Profiling of lincRNAs and differential regulatory mechanisms in response to nanoplastic toxicity at environmentally relevant concentrations in Caenorhabditis elegans

Polystyrene nanoplastics (PS-NPs) at environmentally relevant concentrations have been shown to be toxic to living organisms, but the role of long noncoding RNAs (lncRNAs) in their toxicity regulation is not yet clear. Using Caenorhabditis elegans (C. elegans) as a model organism, we investigate the mechanisms and roles of lncRNAs in PS-NPs toxicity at environmentally relevant concentrations. In this study, L1 larvae were exposed to 1-100 µg/L of 50 nm PS-NPs for 72 h, and high-throughput transcriptome sequencing was performed.
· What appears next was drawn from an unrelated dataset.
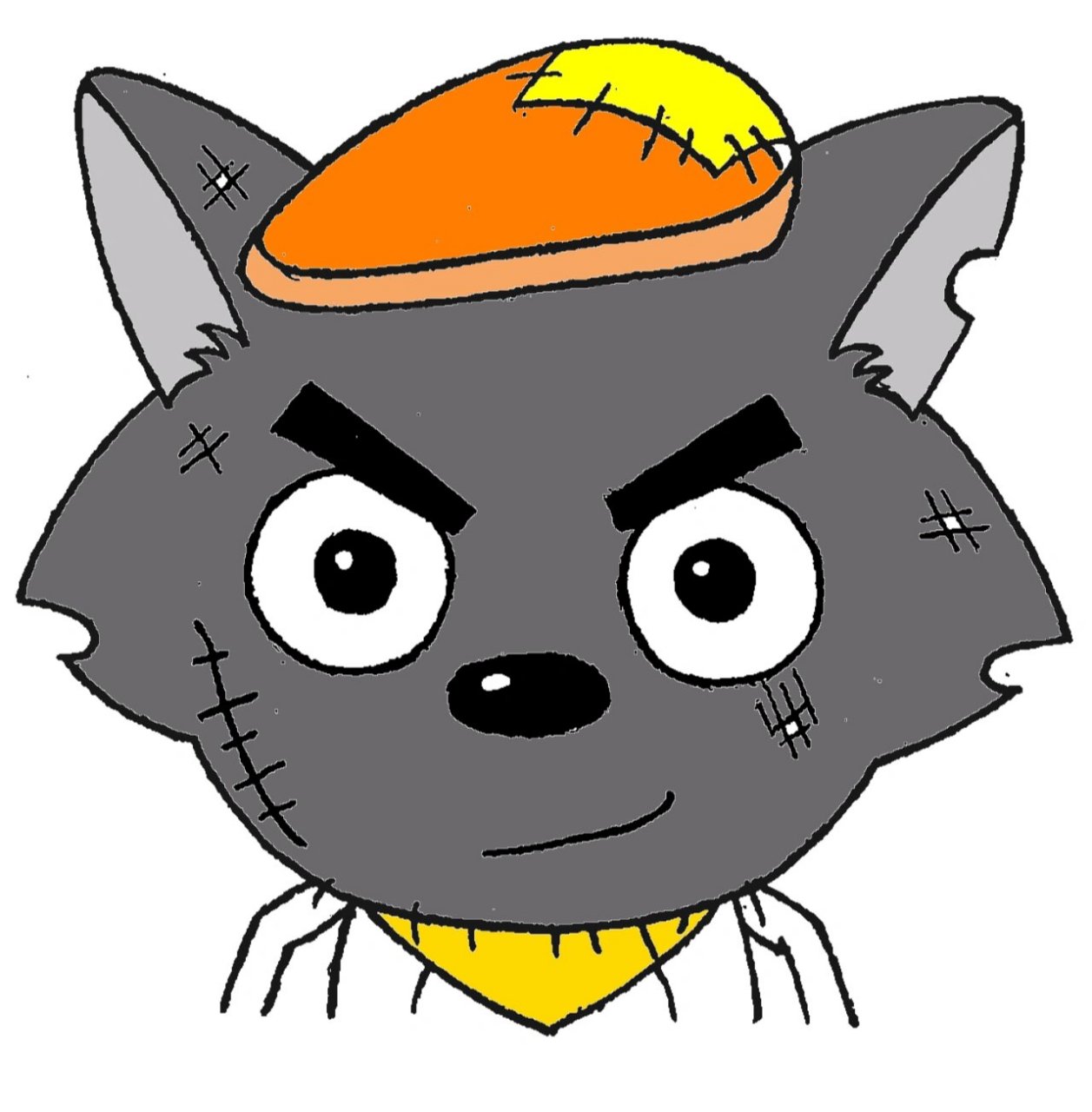 一组灰太狼简笔画教程,最后用app拍照上色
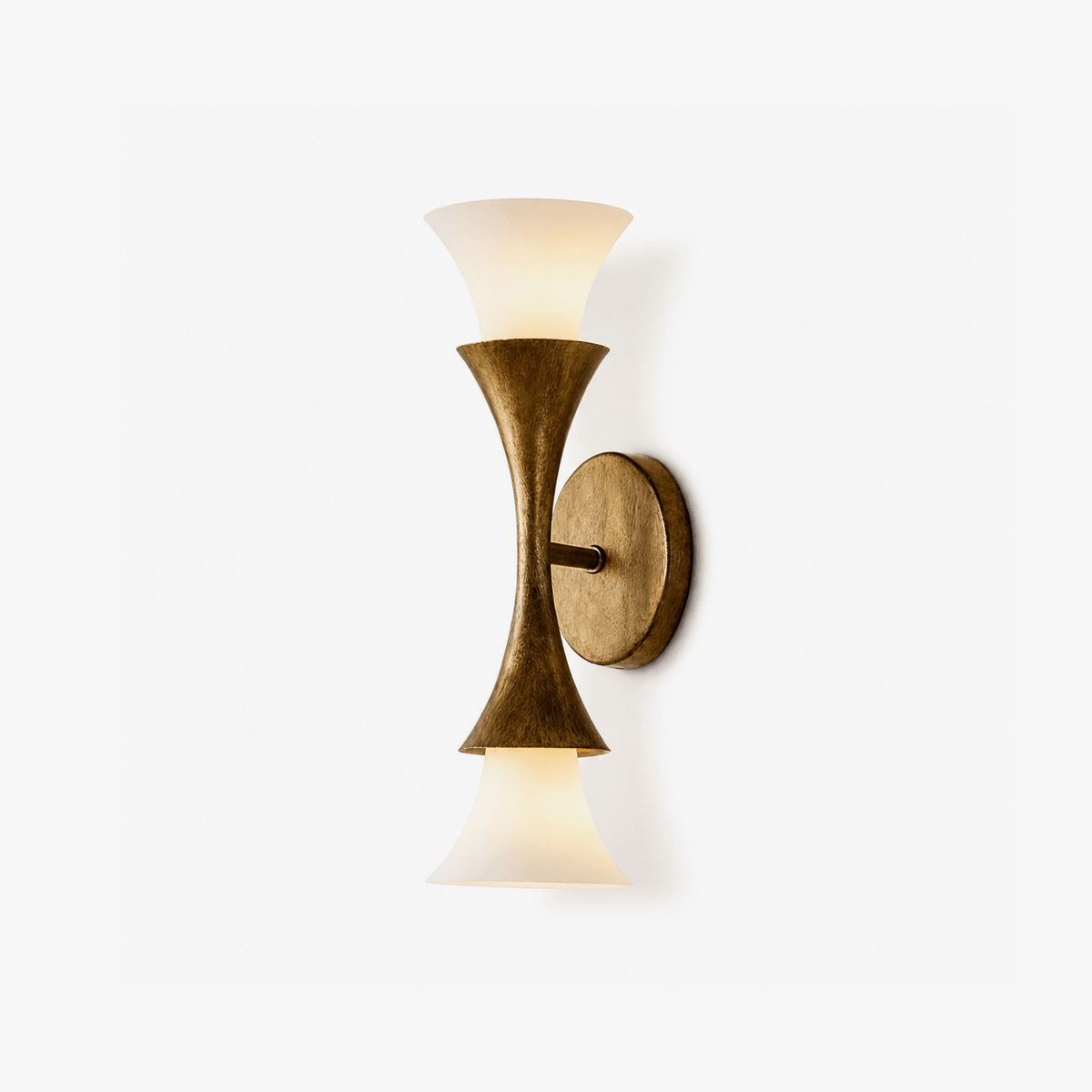 Solalette Messing Doppelkegel-Wandleuchte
Exposure to PS-NPs at concentrations of 10 µg/L, which is in the range of environmentally relevant concentrations of nanoplastics, or higher can lead to increased reactive oxygen species (ROS) production and decreased locomotion behavior in C. elegans, yet no significant toxic effects were observed for the leachate. The sequencing results revealed significant changes in G protein-coupled receptors and long intergenic noncoding RNAs (lincRNAs), which warranted further investigation. Additionally, a CRISPR-based knockout (KO) mutant library of C. elegans lincRNAs was employed for in-depth mechanistic studies. The findings indicate that multiple lincRNAs are involved in the regulatory response to the toxic effects of PS-NPs. Compared to wild-type nematodes, linc-7, linc-9, linc-13, linc-21, linc-24, linc-49, linc-61, and linc-169 KO nematodes exhibited increased sensitivity to the toxicity of PS-NPs, while linc-11 and linc-50 nematodes showed resistance. Notably, our results indicate that the transcription process of linc-11, rather than its mature transcripts, played a crucial role in the response to PS-NPs. This is evidenced by the differing phenotypes observed in RNA interference (RNAi) knockdown (KD) and CRISPR KO nematodes following exposure to PS-NPs. Our results suggest that transcriptional regulation involving lncRNAs is integral to the organism's response to PS-NPs.